WHAT YOU WILL DO:
Reproduce the listing that follows character for character, excluding its pictures.

GIVEN MATERIAL:
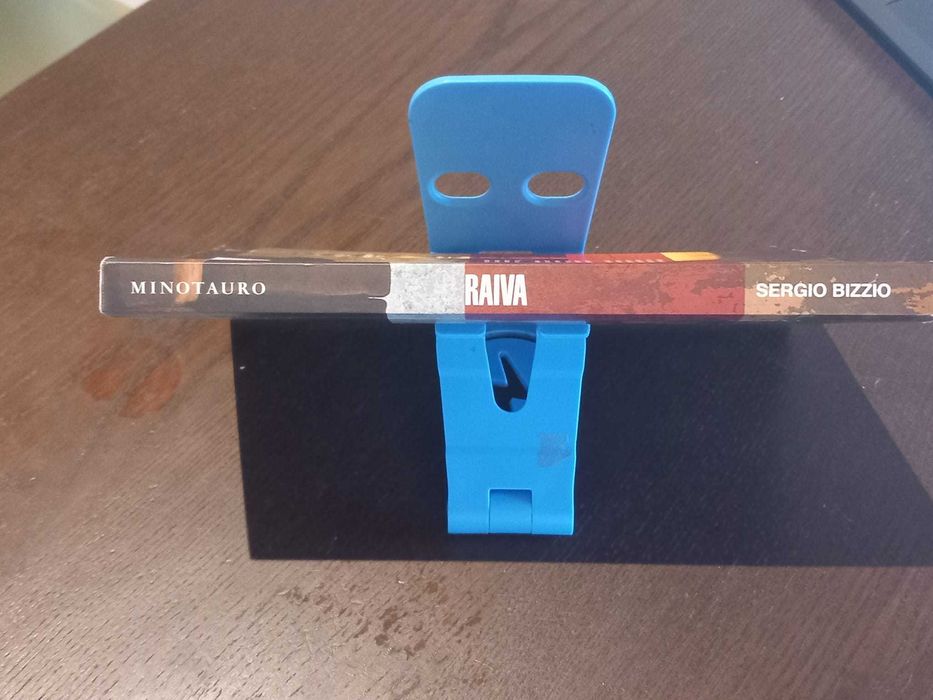 Livro Sergio Bizzio - "Raiva" - estado novo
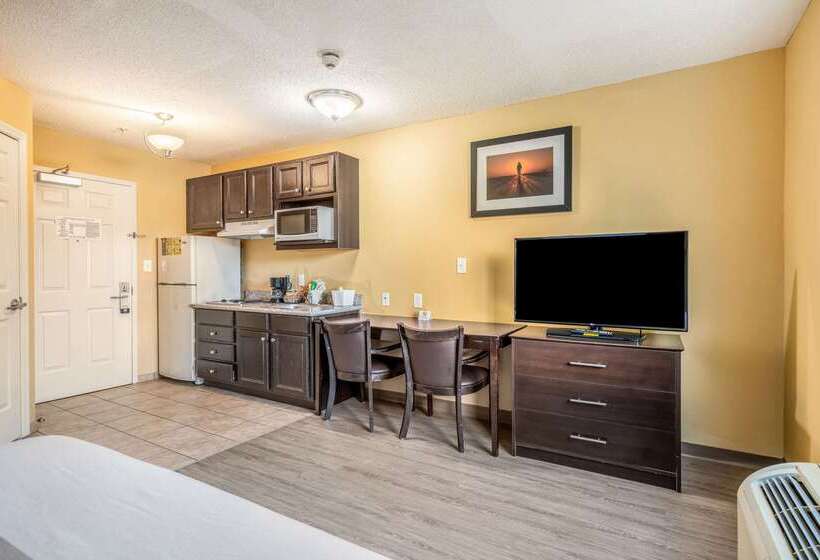 酒店 Suburban Studios Near Camp Lejeune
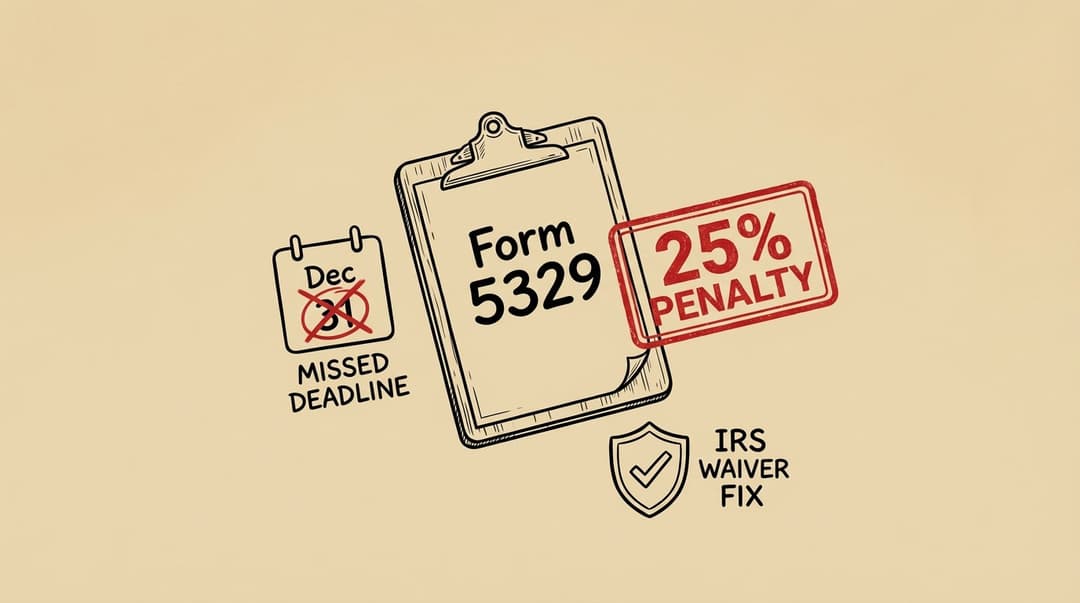 Form 5329 Penalty Exception Codes: The 2025 List | SimpleRMD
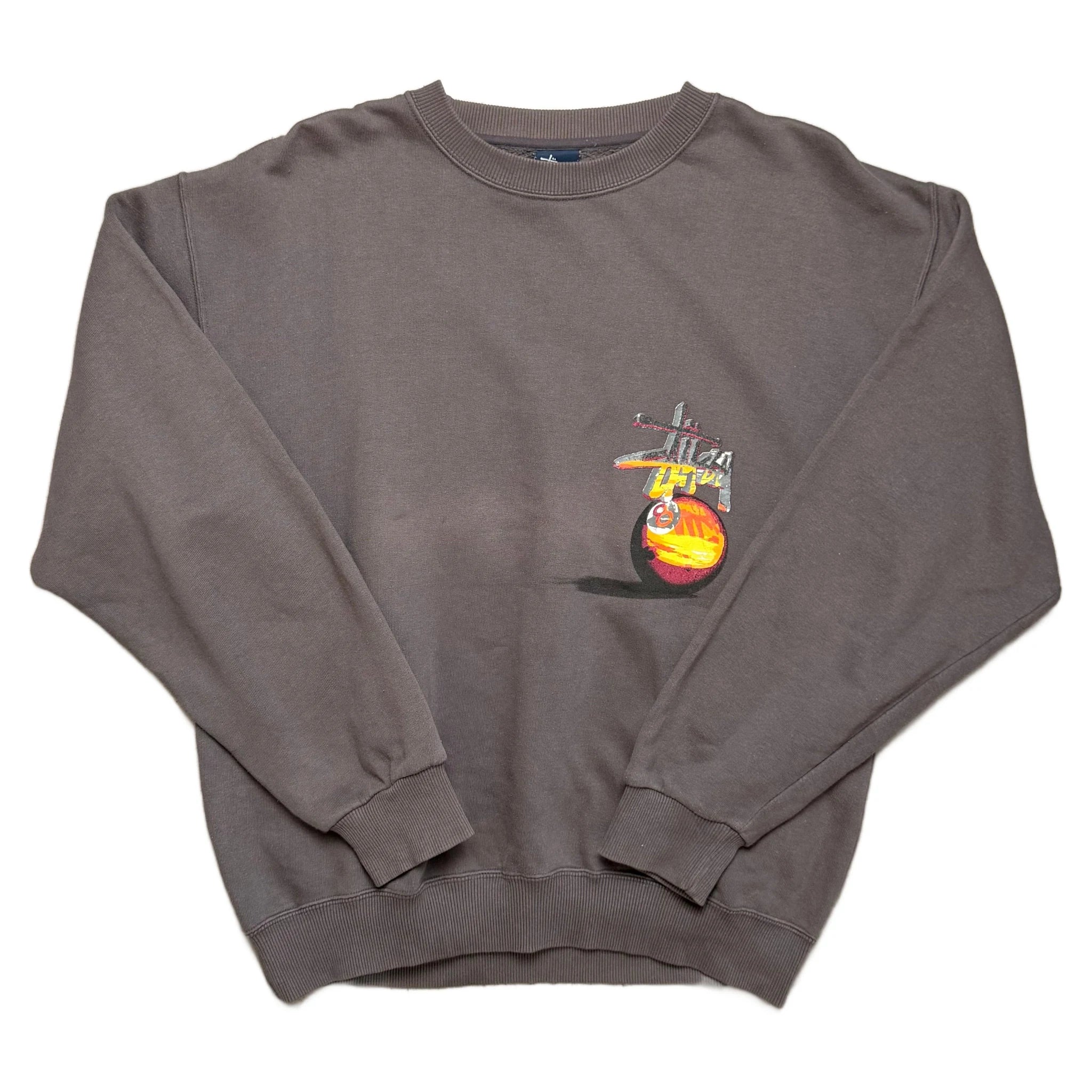 Stussy Sweatshirt - Grey - M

ANSWER:
 Livro Sergio Bizzio - "Raiva" - estado novo
 酒店 Suburban Studios Near Camp Lejeune
 Form 5329 Penalty Exception Codes: The 2025 List | SimpleRMD
 Stussy Sweatshirt - Grey - M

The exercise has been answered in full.